個人が、自らの将来のために、一つの選択肢として株に投資することを否定するつもりはないが、株価が上がっているから投資して見ようと思う、という安易な態度はちょっと危険ではないか

会社の事業を進めていく上で必要な投資を、資本で調達することは必然なのは分かるし、これを多くの投資家から集めるために、株式があって、保有者が自らの資金状況を踏まえて売り買いできる必要も理解する。

しかし、現実に株価の動向を決めているのは、それこそ企業買収などの経営者の重要な意思決定だったり、大口の株主の売り買いだったり、今回のように首相が変わっただけではあるが政治動向だったり、更にはリーマンショックのような国際状勢だったりする、つまり個人がコントロールできるものではない

もっと言えば、今回の株高も、日本経済の実態は何も変わっていないので、単なる気分だし、動向に影響を与えているのは、円安でドルベースでの投資価値が目減りすると困る外人投資家だ。

ところで、大阪の橋下氏が従軍慰安婦発言で物議をかもしだしている。政治家にとって言葉は極めて重要であり、女性蔑視につながるような発言は言語道断だと思う。報道が正確ではないなどと言い出しているようだが、テレビを見る限り彼の発言をそのまま報道しており、内外で不快感を持たれる発言をしたことは間違いない事実だ。テレビの寵児として政界に出てきたが、さすがにその器ではなかったということが露呈したと言わざるを得ない。
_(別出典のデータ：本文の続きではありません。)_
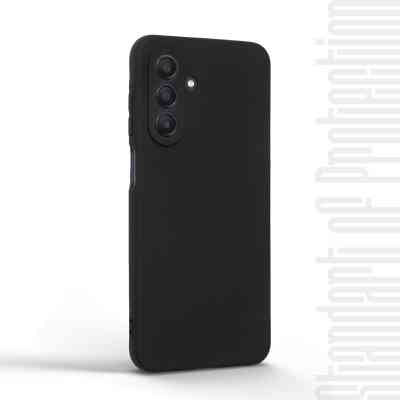 Чохол до мобільного телефона Armorstandart Matte Slim Fit Samsung A26 5G Camera cover Black (ARM82187) Вінниця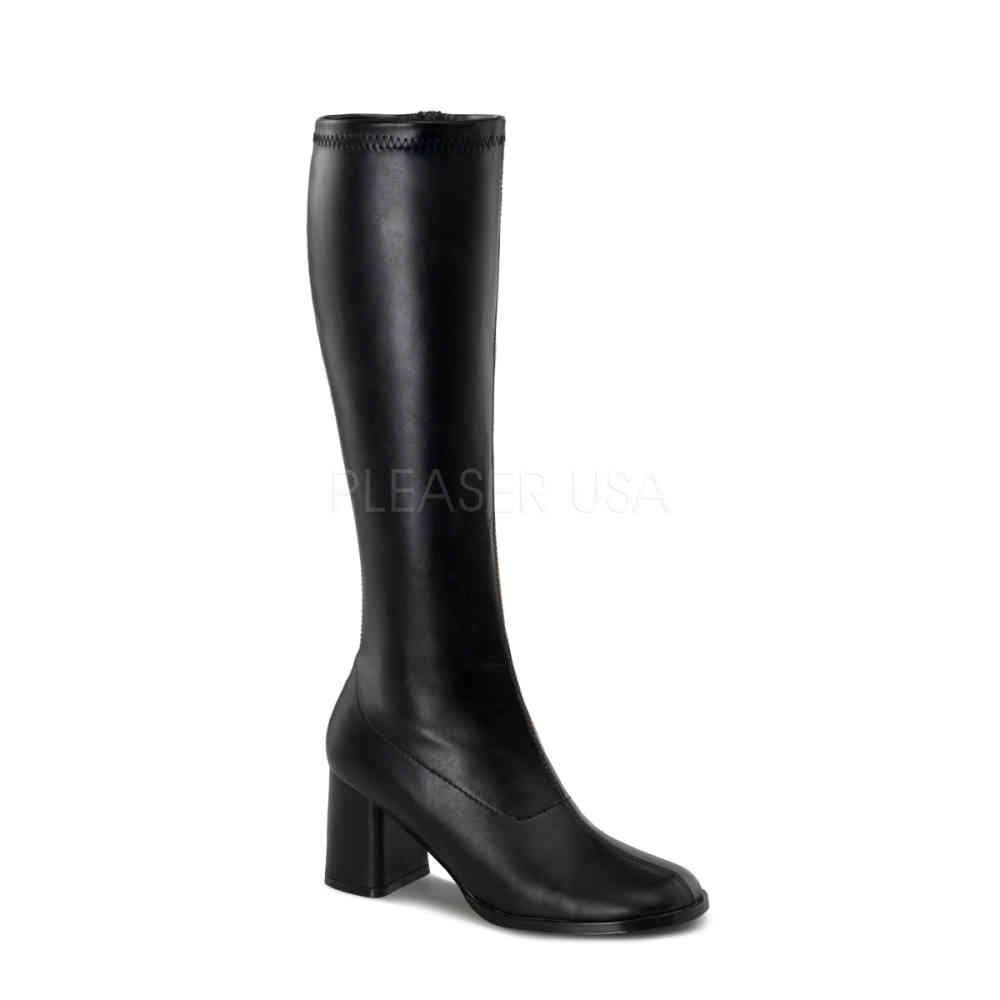 Funtasma - GOGO300 Boots - Black Product image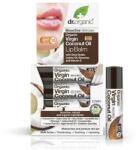 Dr. Organic Kókusz ajakbalzsam 5, 7ml - egeszsegbolt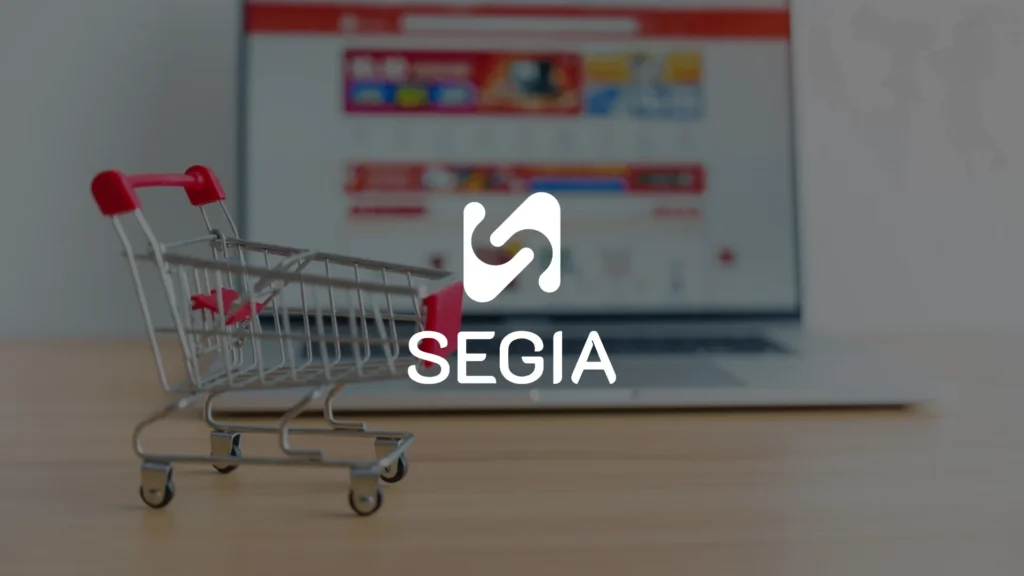 Jasa Pembuatan Web E-Commerce Jakarta Pusat oleh Segia Tech. Kembangkan toko online unggulan dengan pengembangan website, SEO, UI/UX desain.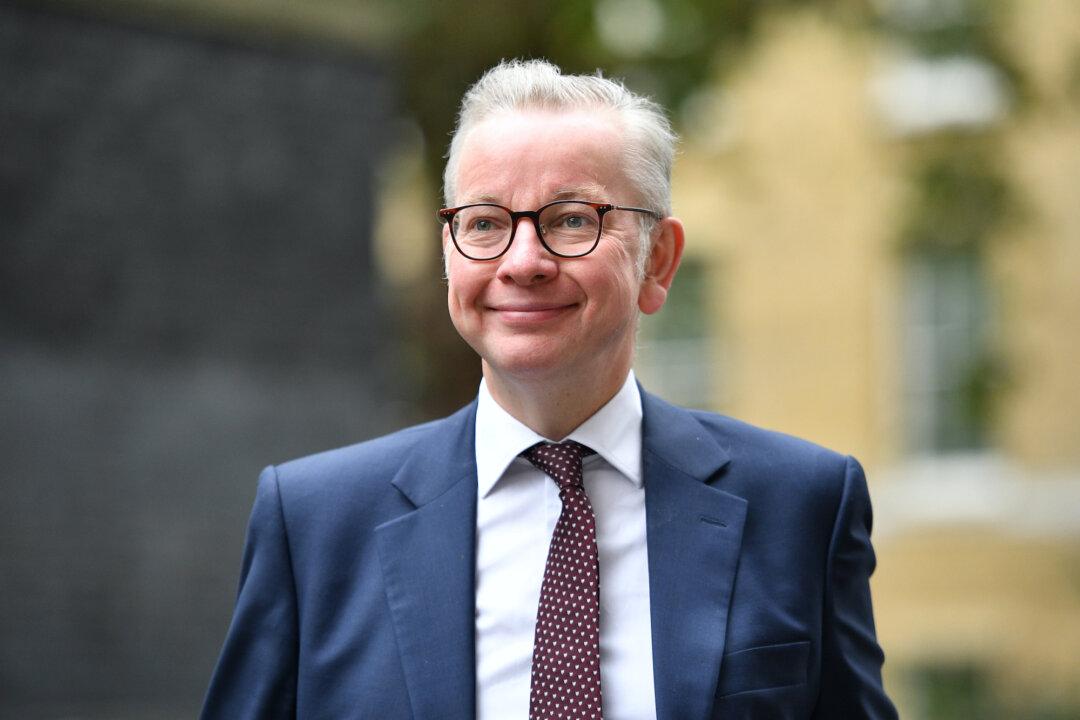 UK Minister Gets Shut Down After Saying COVID-19 Could Be ‘Man-Made’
閑話休題。株に戻るが、株価の動向は今一実体経済を反映していないと思われるものの、そうは言っても、この気分は当分続きそうなので、株に投資すること自体間違いではないような気がするが、ただそもそもこんな形で株価の動きが発生する株式市場って、本当にこのままで良いのか?

先に書いたように、株が企業の基本的な投資を賄うものだとすれば、そもそもは長期的視点で行われるべきものだ。ところが、株式市場では上場株はいつでも売り買いできるし、一方で経営者の目標は企業価値、つまり結果としての株価の上昇だから、株価が短期的売り買いで動けば、どうしても経営は短期的視野で進めざるを得なくなる。これが本当に経済の持続的成長につながるのか?

そう考えると、株式に投資をする個人の換金の需要を否定することは出来ないにしても、出来るだけ長期的に株を保有するようなインセンティブを高める必要があるし、そのような投資家の考えを経営に反映していくべきではないか、という議論が出てくる。要は、株式の保有期間によって、総会での決議とか配当などの株主としてのメリットに差をつけることが出来ないか、ということだ。

もちろん種類株は認められているが、一方で株主平等の原則もあり、このあたりをどう調整するかは私も分からないが、これまで当たり前と思ってきた今ある資本主義についても、今一度考え直してみるべきではないかと考えた次第だ。